* EXERCISE INSTRUCTIONS
Only the lines in the entries below from the line with "Inode usage in percent" to the line with "ShootersCalculator.com | Ballistic", both included, belong in the answer, transcribed exactly and without pictures.

EXERCISE INPUT: Begin

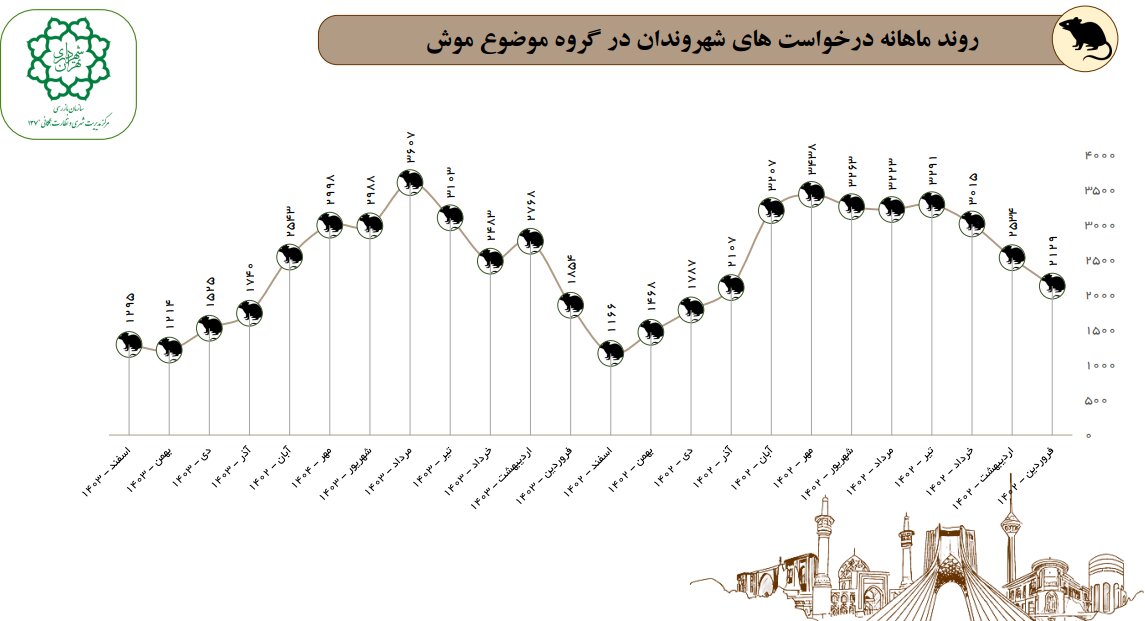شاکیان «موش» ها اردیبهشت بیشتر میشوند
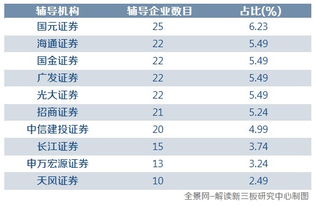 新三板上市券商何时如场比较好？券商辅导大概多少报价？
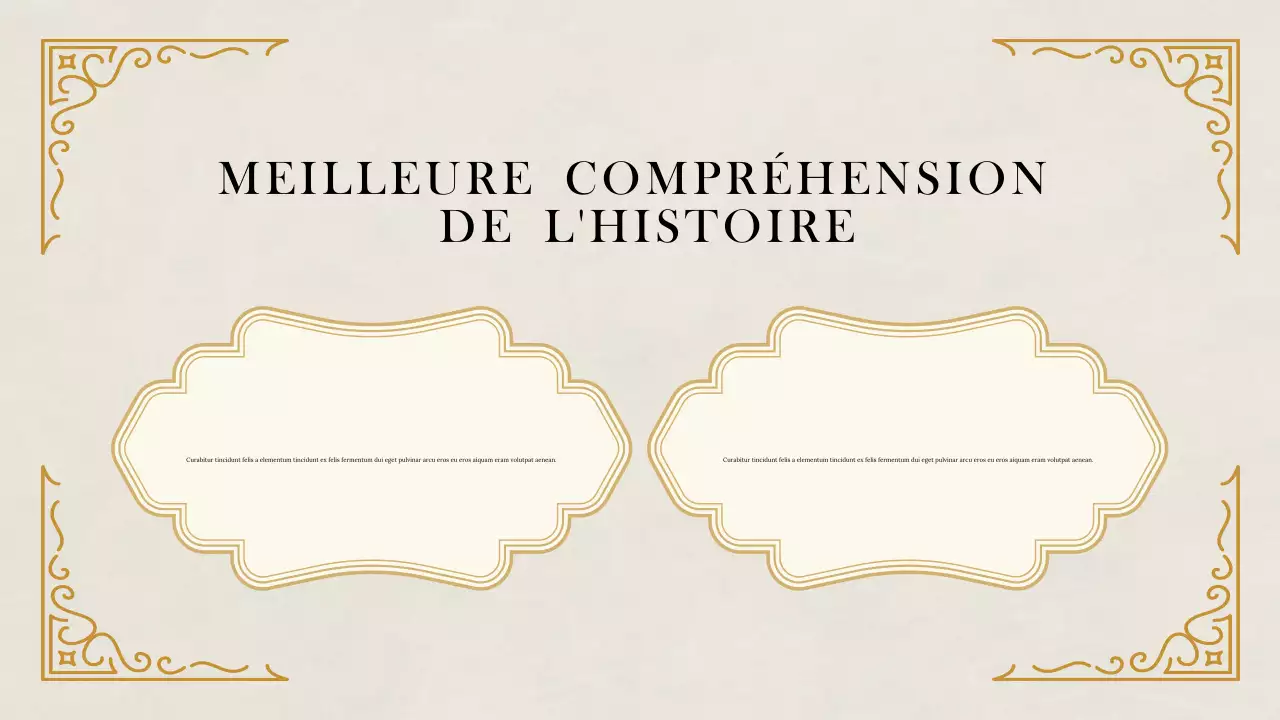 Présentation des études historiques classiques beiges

EXERCISE INPUT: End
EXERCISE INPUT: Begin

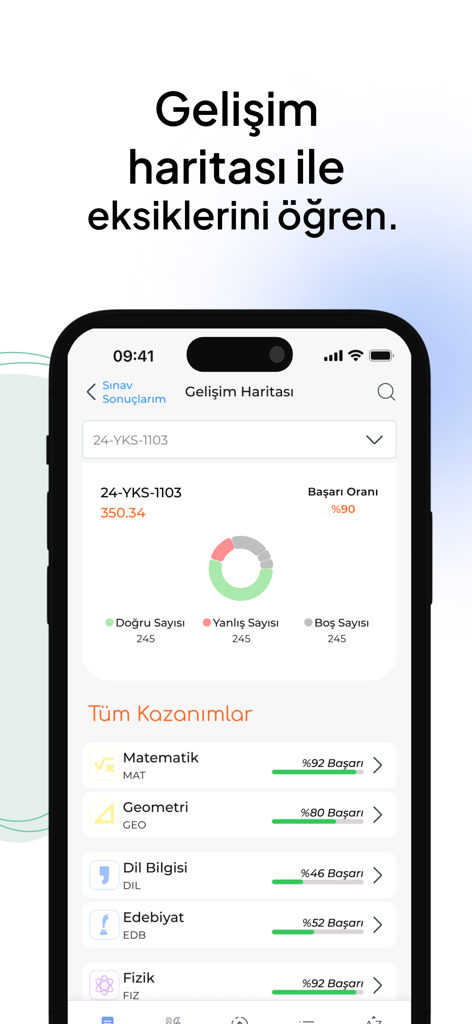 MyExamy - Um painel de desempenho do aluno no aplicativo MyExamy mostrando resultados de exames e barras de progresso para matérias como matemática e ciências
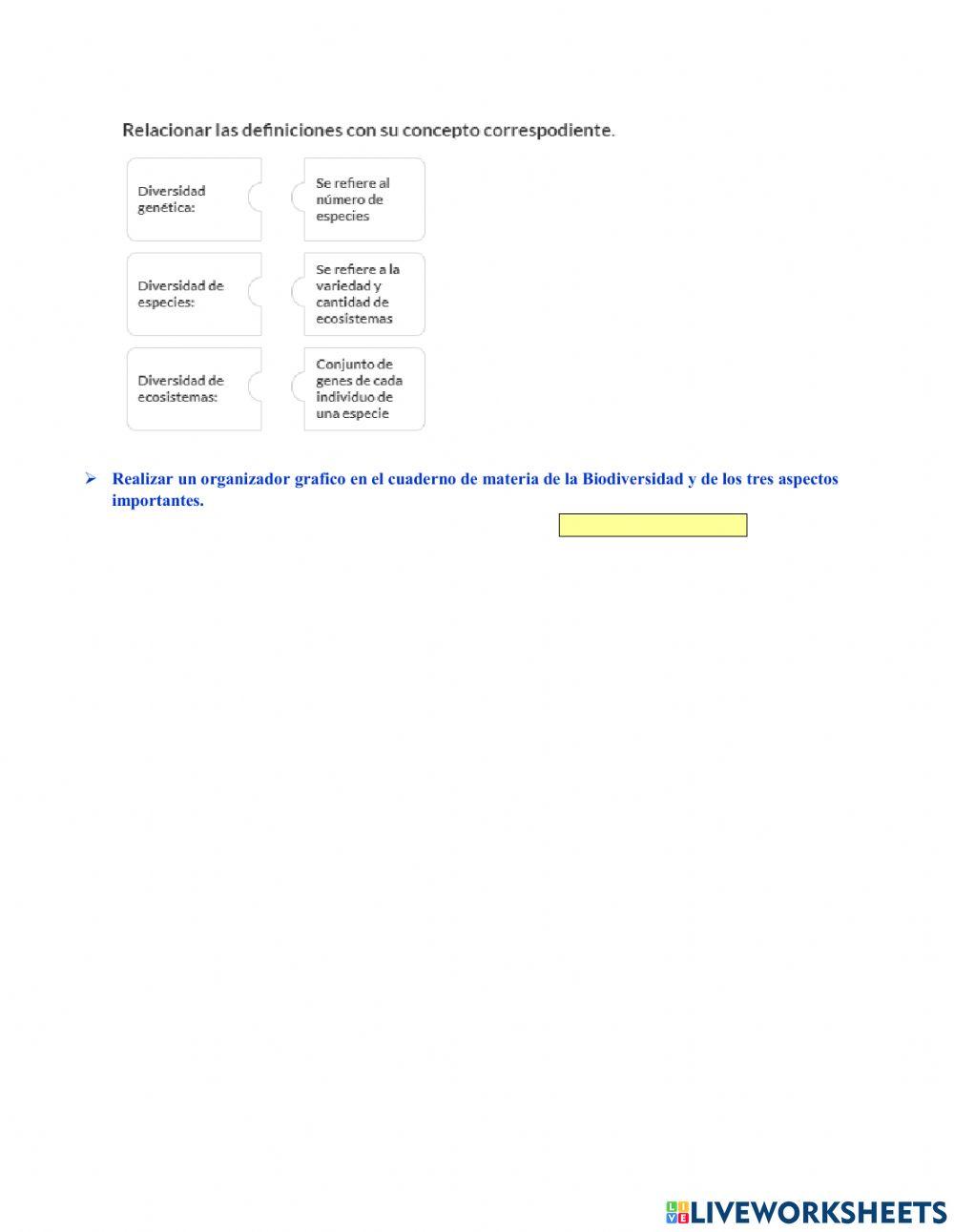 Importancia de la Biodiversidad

EXERCISE INPUT: End
EXERCISE INPUT: Begin

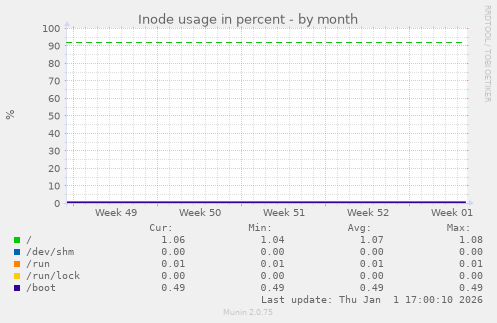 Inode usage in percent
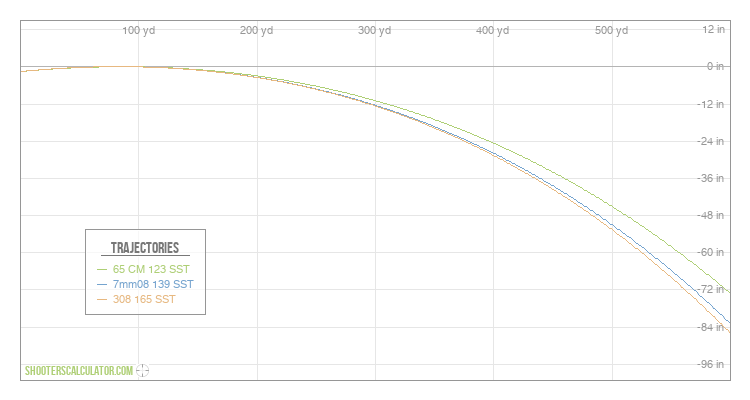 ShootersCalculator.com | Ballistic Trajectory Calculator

EXERCISE INPUT: End

* SOLUTION TO THIS EXERCISE
 Inode usage in percent
 ShootersCalculator.com | Ballistic Trajectory Calculator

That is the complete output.